3. The Ld. CIT (A), following the first appellate order for Assessment Year 2008-09 in favour of the assessee, deleted the addition of Rs. 37,87,26,158/- made by the Assessing Officer.
4. The Ld. DR, challenging the aforesaid order of the Ld. CIT (A), has contended that the Ld. CIT (A) is erred in deleting the addition correctly made by the Assessing Officer on account of non-deduction of TDS by the assessee company on payment of export commission. It has been contended that while doing so, the Ld. CIT (A) has failed to consider the finding recorded by the Assessing Officer that the commission paid by the assessee was income due to accrue or arise, in India, as defined in Section 9 of the IT Act; that the Ld. CIT (A) has wrongly ignored the liability of the assessee to deduct tax on the payment of export commission; that the Ld. CIT (A) has further failed to appreciate that the assessee remained unable to produce any agreement with the payees of the commission and that the assessee had not been able to furnish any explanation regarding the increase in its turnover due to the payment of commission.

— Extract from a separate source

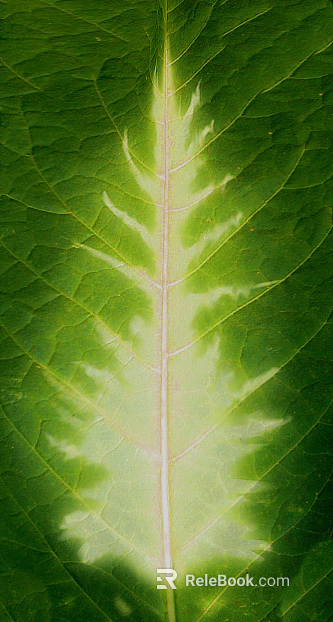 leaves texture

5. The ld. counsel of the assessee, on the other hand, has placed strong reliance on the impugned order in this regard. It has been contended that the payments in question were made to export agents operating in their own countries, due to which fact no income arose in India; that the commission was remitted directly to the agents; that the foreign agents of the assessee company did not have any permanent establishment in India and they rendered the services to the assessee outside India, in respect of projects carried out by the assessee company outside India; that as such, the export commission paid by the assessee can, in no manner, be treated as income deemed to accrue or arise in India within the meaning of Section 9(1)(vii)(b) of the Act; that further, the payments in question represented export commission paid to the assessee’s foreign agents for procuring export orders and they cannot be termed as fees for technical services; that the Ld. CIT (A) has correctly taken into consideration all these facts while correctly deciding the matter in favour of the assessee, as was done by the Ld. CIT (A) for Assessment Year 2008-09. The ld. counsel for the assessee has placed reliance on the following case laws:-
(i) CIT v. EON Technology (P.) Ltd.  343 ITR 366/ 203 Taxman 266/15 taxmann.com 391 (Delhi) (copy is placed on record)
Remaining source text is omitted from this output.